Task brief>
Begin at the line containing "Discover this spacious" and retype each line through the end of the records exactly. Include nothing else and no pictures.

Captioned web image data
---+---

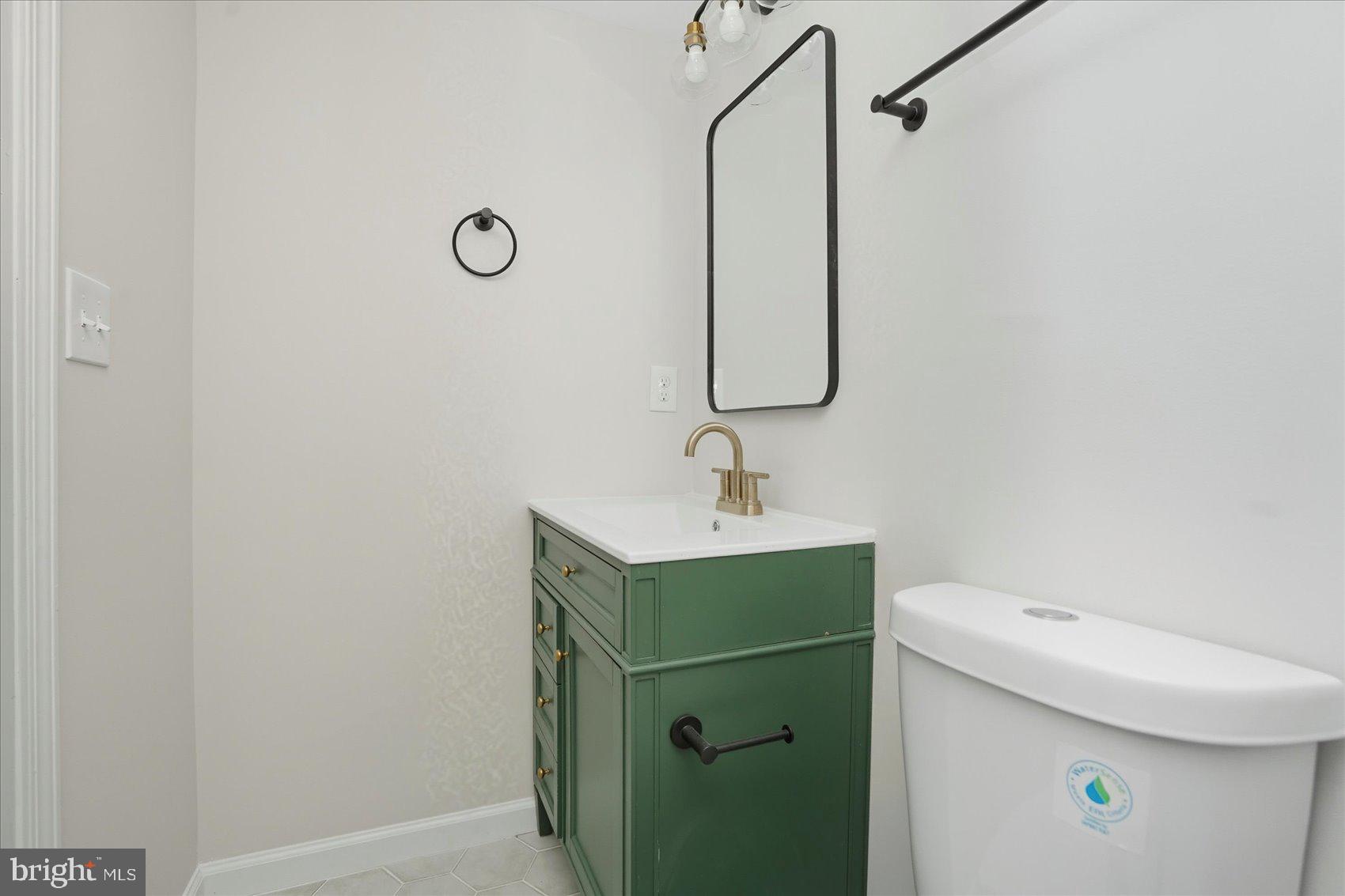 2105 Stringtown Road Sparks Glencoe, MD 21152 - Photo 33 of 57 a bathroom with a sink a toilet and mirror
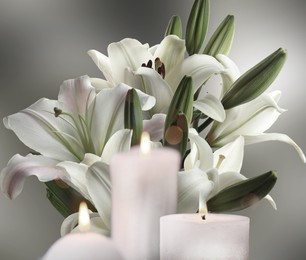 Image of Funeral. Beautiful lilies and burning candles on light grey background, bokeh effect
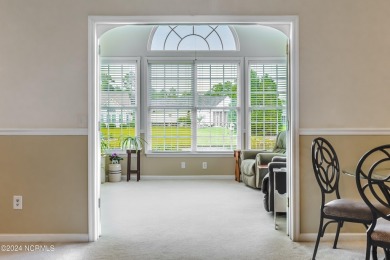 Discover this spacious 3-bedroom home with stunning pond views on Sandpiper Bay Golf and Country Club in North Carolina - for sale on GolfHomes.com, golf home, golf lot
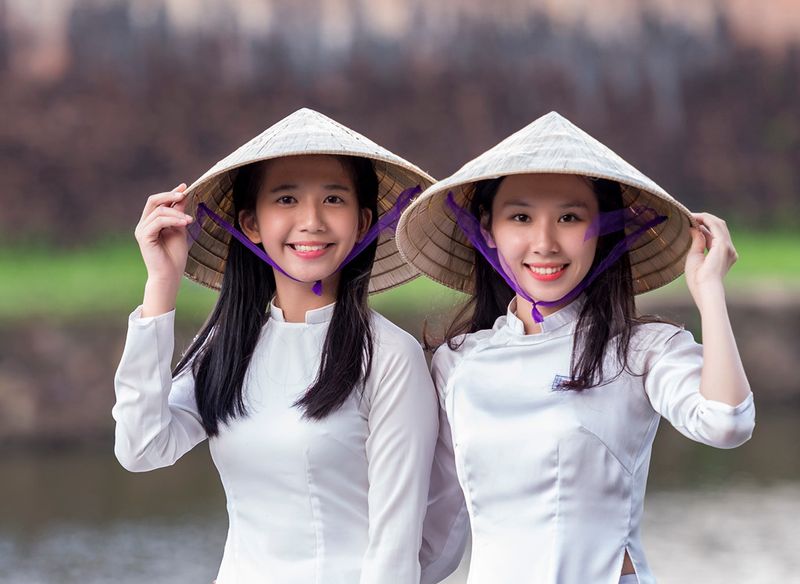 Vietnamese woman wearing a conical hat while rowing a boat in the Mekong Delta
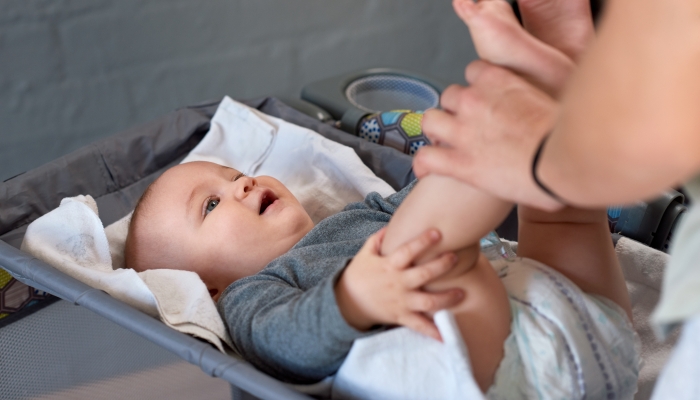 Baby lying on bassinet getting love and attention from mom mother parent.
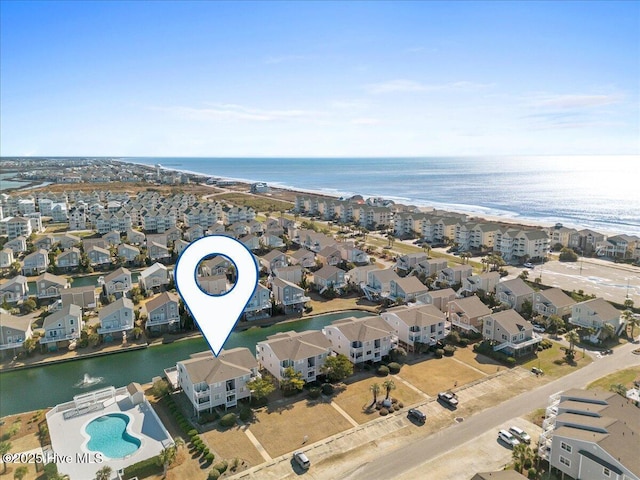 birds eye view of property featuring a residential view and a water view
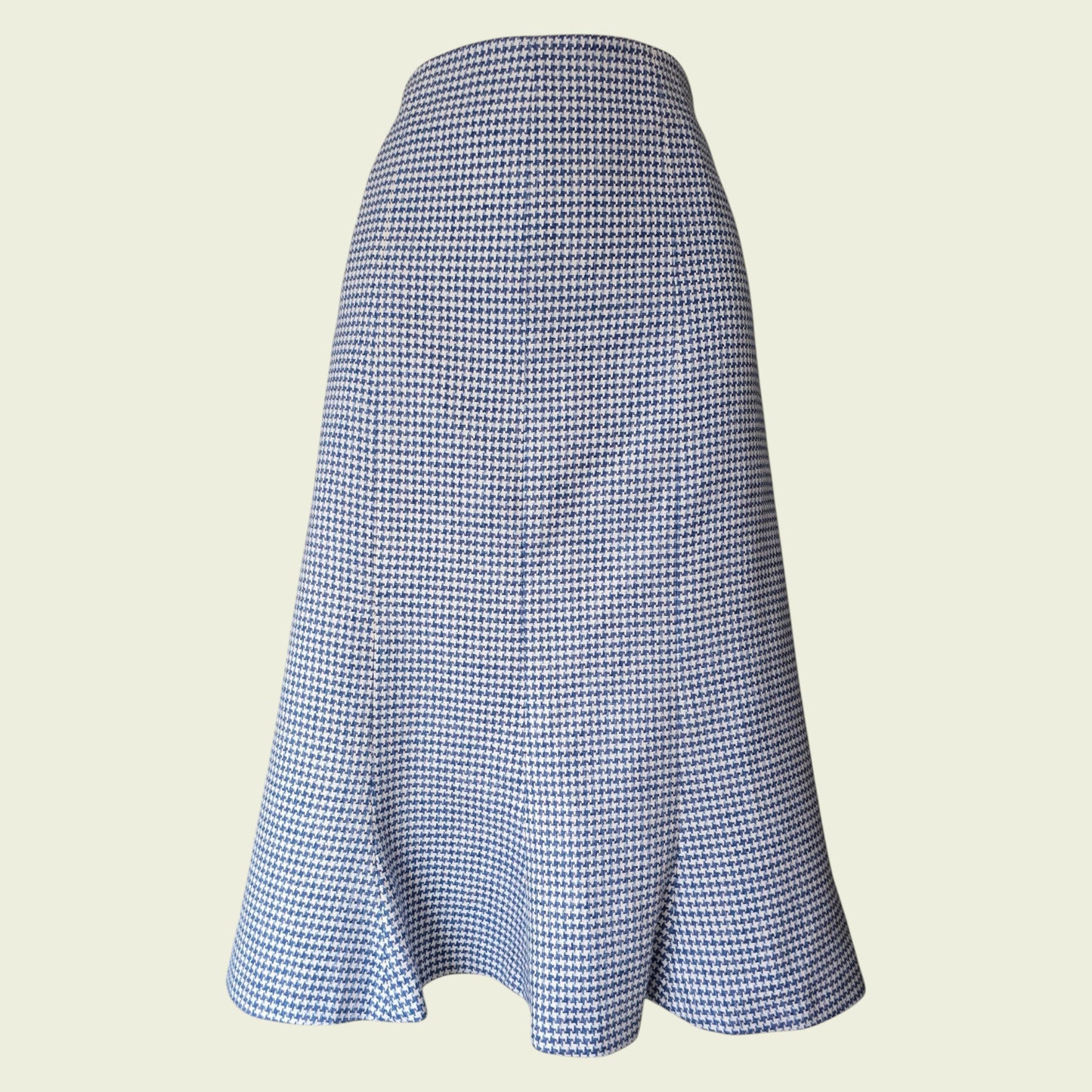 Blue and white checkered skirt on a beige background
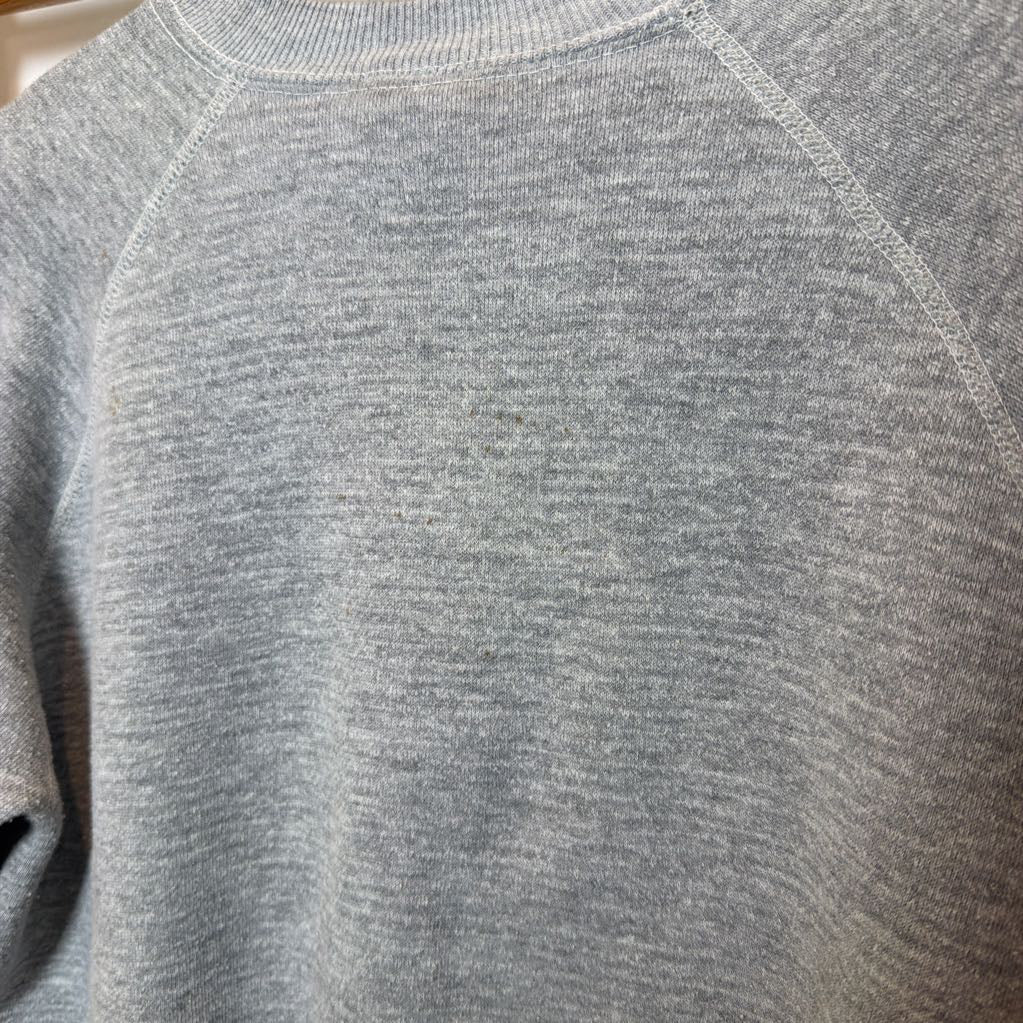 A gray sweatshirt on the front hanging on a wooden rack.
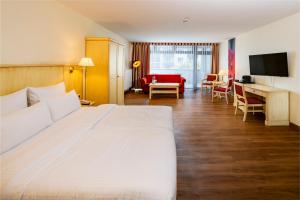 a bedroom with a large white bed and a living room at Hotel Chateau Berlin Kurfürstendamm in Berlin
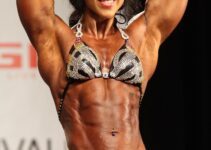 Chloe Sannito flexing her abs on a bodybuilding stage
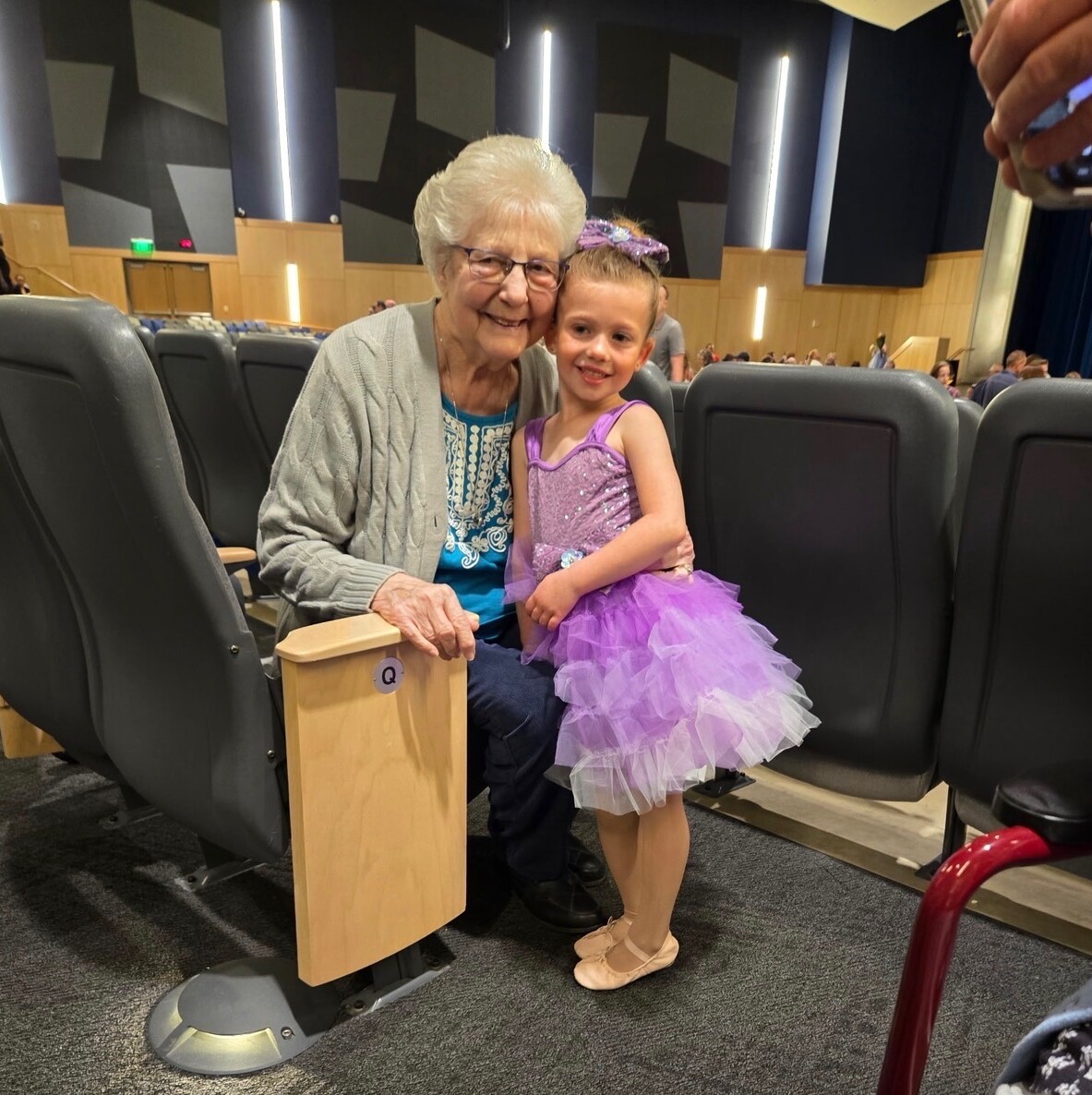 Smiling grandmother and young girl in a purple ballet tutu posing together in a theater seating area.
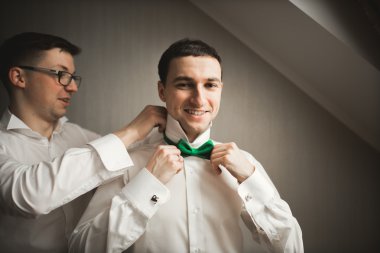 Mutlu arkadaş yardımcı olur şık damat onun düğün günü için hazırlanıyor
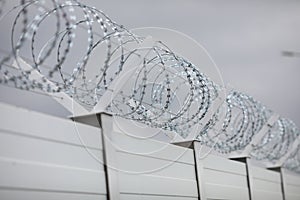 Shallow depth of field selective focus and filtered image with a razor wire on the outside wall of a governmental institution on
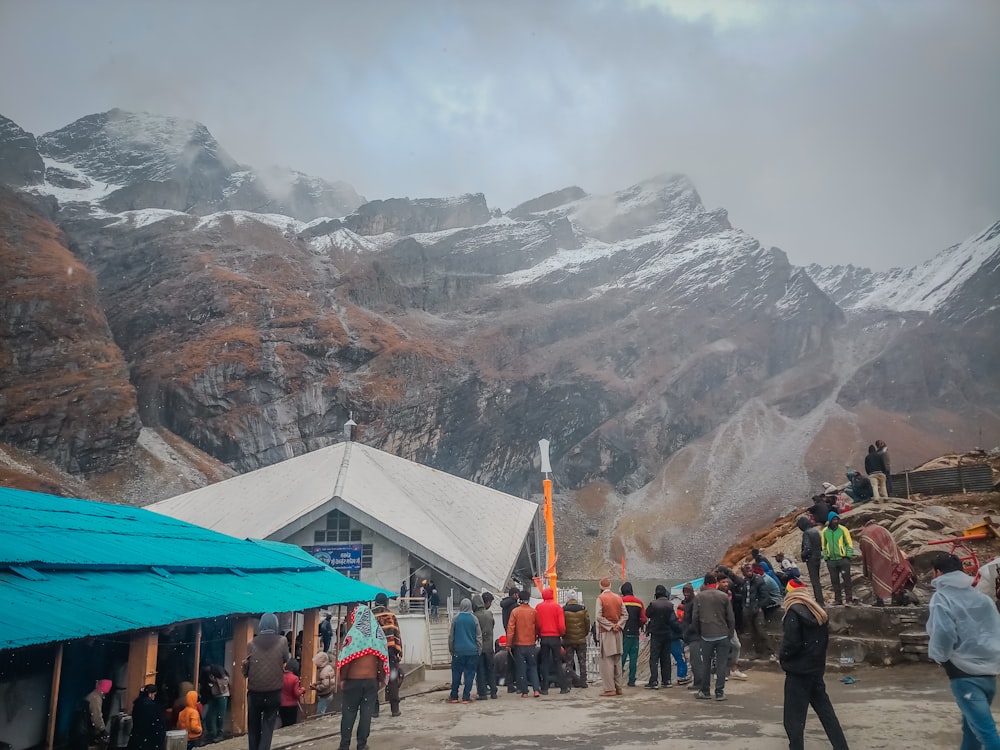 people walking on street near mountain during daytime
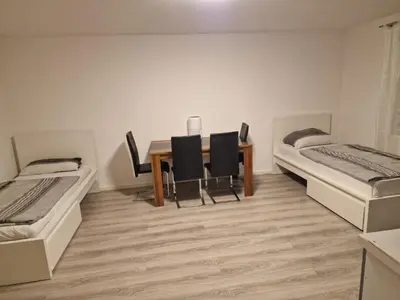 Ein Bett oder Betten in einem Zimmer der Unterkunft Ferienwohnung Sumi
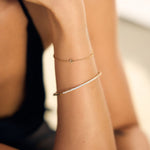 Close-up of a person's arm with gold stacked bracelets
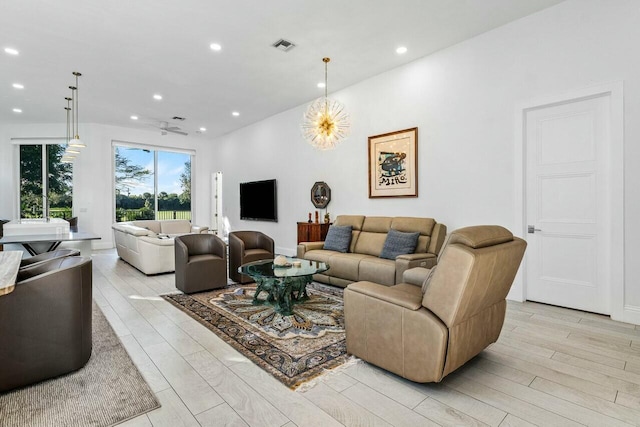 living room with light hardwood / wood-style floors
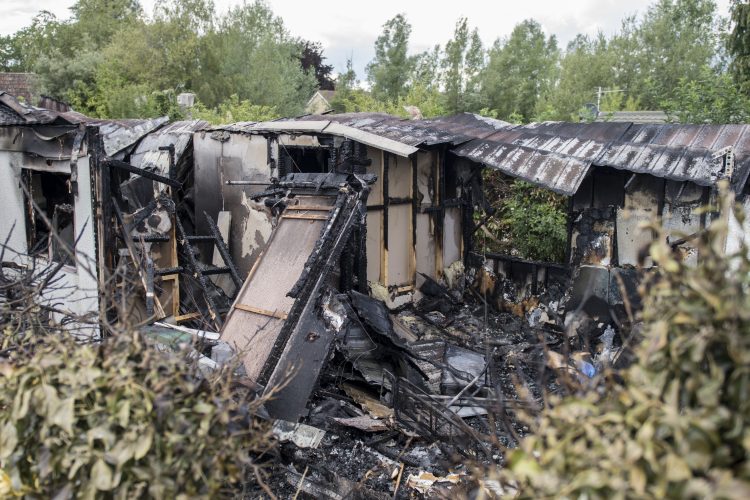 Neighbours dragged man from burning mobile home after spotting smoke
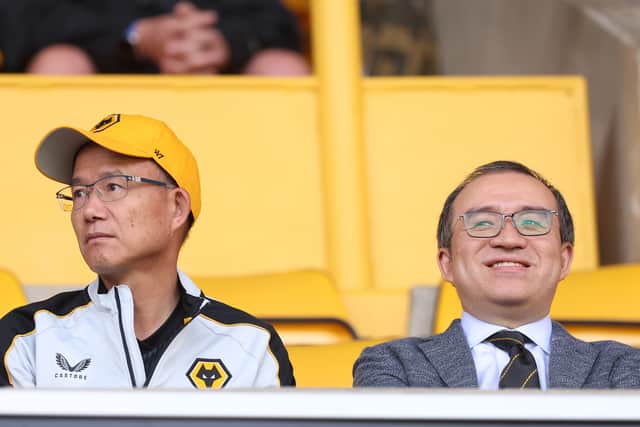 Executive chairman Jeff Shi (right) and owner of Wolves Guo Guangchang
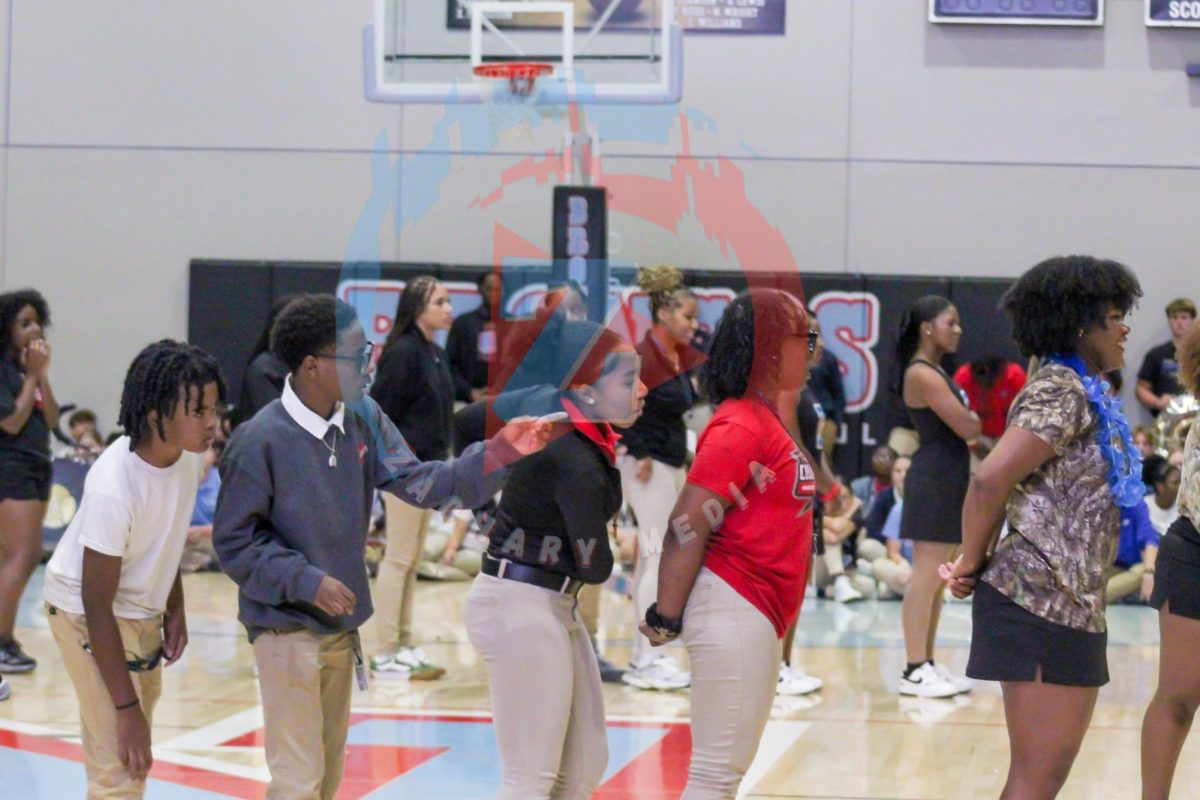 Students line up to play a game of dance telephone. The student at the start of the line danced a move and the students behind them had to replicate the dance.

---+---

Your response>
 Discover this spacious 3-bedroom home with stunning pond views on Sandpiper Bay Golf and Country Club in North Carolina - for sale on GolfHomes.com, golf home, golf lot
 Vietnamese woman wearing a conical hat while rowing a boat in the Mekong Delta
 Baby lying on bassinet getting love and attention from mom mother parent.
 birds eye view of property featuring a residential view and a water view
 Blue and white checkered skirt on a beige background
 A gray sweatshirt on the front hanging on a wooden rack.
 a bedroom with a large white bed and a living room at Hotel Chateau Berlin Kurfürstendamm in Berlin
 Chloe Sannito flexing her abs on a bodybuilding stage
 Smiling grandmother and young girl in a purple ballet tutu posing together in a theater seating area.
 Mutlu arkadaş yardımcı olur şık damat onun düğün günü için hazırlanıyor
 Shallow depth of field selective focus and filtered image with a razor wire on the outside wall of a governmental institution on
 people walking on street near mountain during daytime
 Ein Bett oder Betten in einem Zimmer der Unterkunft Ferienwohnung Sumi
 Close-up of a person's arm with gold stacked bracelets
 living room with light hardwood / wood-style floors
 Neighbours dragged man from burning mobile home after spotting smoke
 Executive chairman Jeff Shi (right) and owner of Wolves Guo Guangchang
 Students line up to play a game of dance telephone. The student at the start of the line danced a move and the students behind them had to replicate the dance.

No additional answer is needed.